St. Bonaventure was a philosopher, author, and theologian who lived between 1217 and 1274 AD. During his philosophical works, he developed a human soul model that was a perspective from a person’s knowledge of God with the world being presented as a side effect. The paper presents a brief description of the human soul regarding its state and nature as perceived by St. Bonaventure.
According to St. Bonaventure, the soul is a threefold structure of senses, spirit, and the mind which manifest in the exterior corporeal, self, and above the self respectively. Additionally, it has six central powers that are synchronized with six steps, and together, they enable a person to know God (Komáromi, 2021, para. 1). The steps as highlighted by the saint include sense, reason, and intellect in addition to intelligence, imagination and the synderesis spark, which he also refers to as the mind’s apex.
St. Bonaventure believed that sense perception forms the start of knowing God and the world. Intellectual supremacy coupled with the spiritual powers of the soul facilitates the evolution of such knowledge (Salvador-González, 2021, p. 164). According to the saint both the knowledge object and the knower human soul, which in his perception are shadows and vestige, and image and similitude respectively, point to God (Komáromi, 2021, para. 2). Further, the saint claimed that certain knowledge can only be acquired through divine light illumination.

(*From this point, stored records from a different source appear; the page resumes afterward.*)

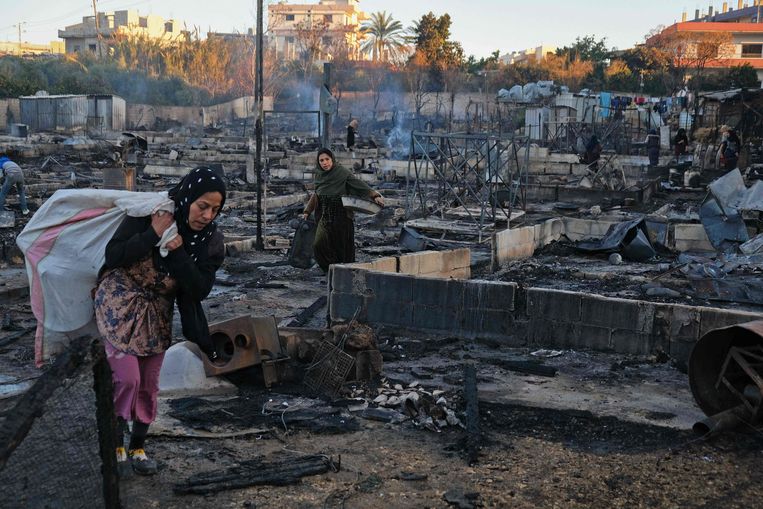Syrische vluchtelingen in de Libanese provincie Minja zoeken naar hun eigendommen in de smeulende resten van het kamp dat in brand werd gestoken. Beeld AFP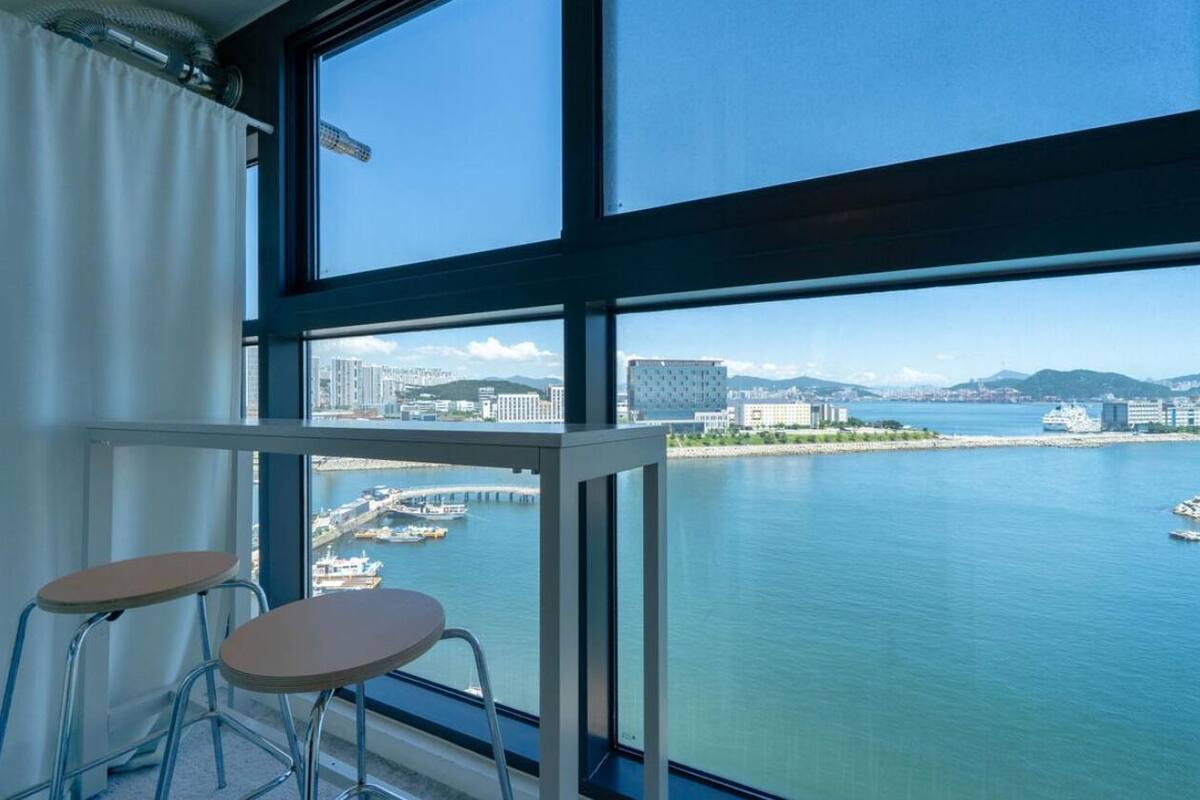A room with a large window overlooking a marina and cityscape.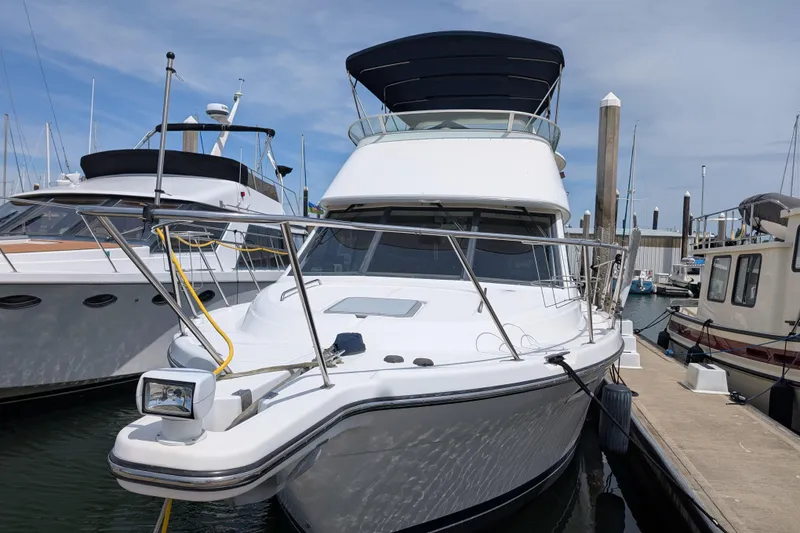 Slide: The Image of 2000 Bayliner 4088 yacht docked at marina under clear blue sky. - 1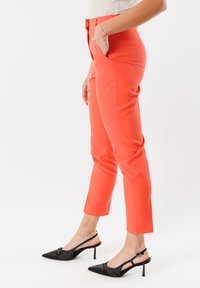 Pantaloni attillati corallo con tasche laterali, design affusolato e vita media, abbinati a scarpe slingback nere con punta.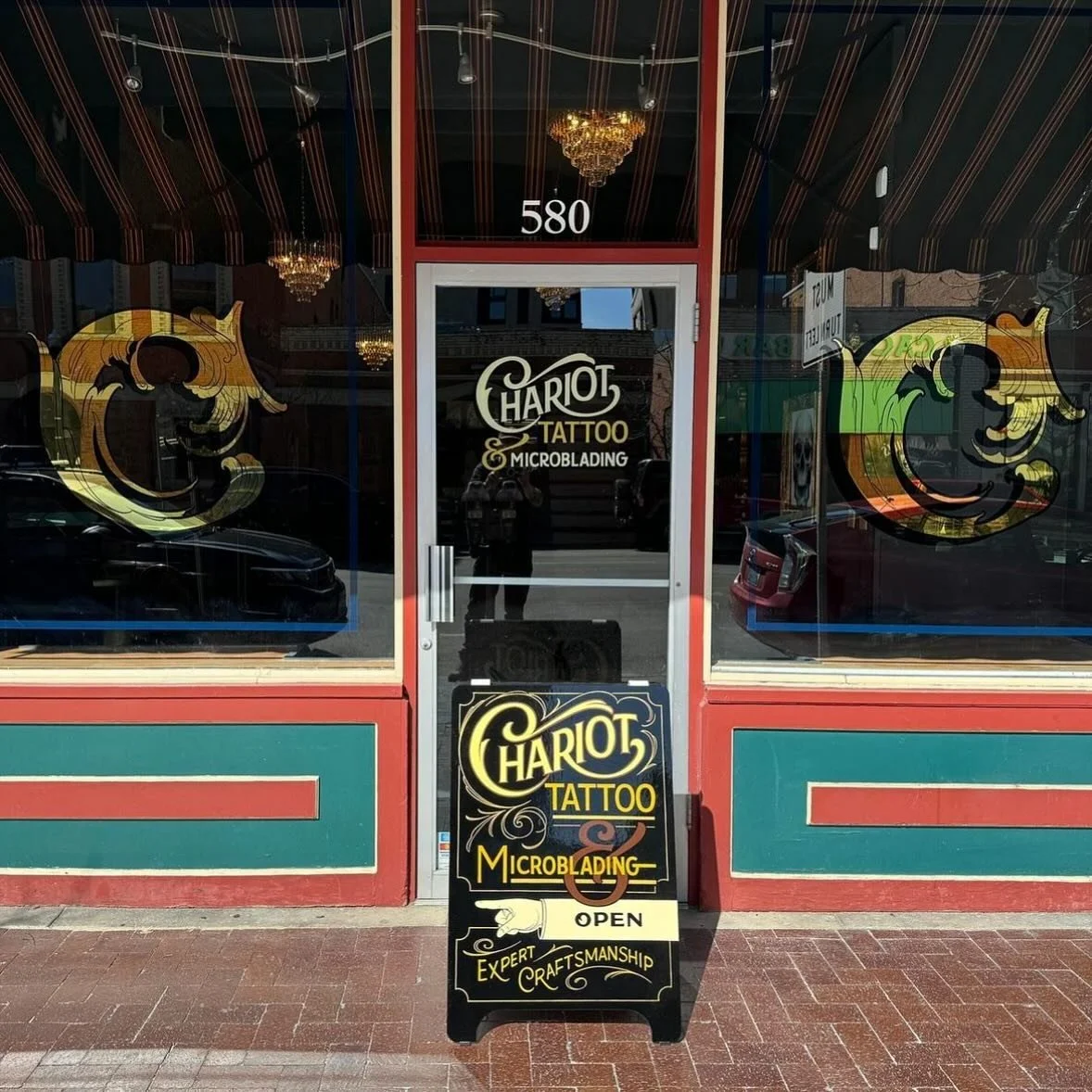 Windows &amp; A-Frame design and painting for @chariot.tattoo in Boise, Idaho ✨✨

#RockyRoadStudios #GoldLeaf #Signpainting #Lettering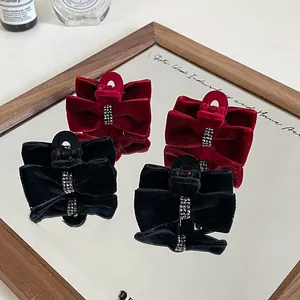 Detailed close-up of velvet bow hair clips with rhinestone accents on a vanity display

In summation, St. Bonaventure perceived the human soul as a threefold structure with senses, spirit, and the mind being its components. According to the saint, sense perception is the beginning of knowing God and the world. Such knowledge is facilitated by intellectual supremacy and the spiritual powers of the soul.
References
Komáromi, A. L. (2021). St Bonaventure on mind. Philosophy Models. Web.
Salvador-González, J. M. (2021). Contemplating God from the mirror of the soul. the first level of St. Bonaventure’s introspective aesthetics from its inspiring sources. Poligrafi, 26, 153–173. Web.